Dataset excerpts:
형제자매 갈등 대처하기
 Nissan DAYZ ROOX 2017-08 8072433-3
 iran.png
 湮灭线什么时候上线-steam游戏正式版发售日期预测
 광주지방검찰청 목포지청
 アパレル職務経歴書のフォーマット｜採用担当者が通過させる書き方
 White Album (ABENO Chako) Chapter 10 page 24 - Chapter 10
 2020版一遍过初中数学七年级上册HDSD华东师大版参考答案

About this task:
The requested lines run from the one with "湮灭线什么时候上线-steam游戏正式版发售日期预测" through the last line of the records. Return them exactly.

Solution below:
 湮灭线什么时候上线-steam游戏正式版发售日期预测
 광주지방검찰청 목포지청
 アパレル職務経歴書のフォーマット｜採用担当者が通過させる書き方
 White Album (ABENO Chako) Chapter 10 page 24 - Chapter 10
 2020版一遍过初中数学七年级上册HDSD华东师大版参考答案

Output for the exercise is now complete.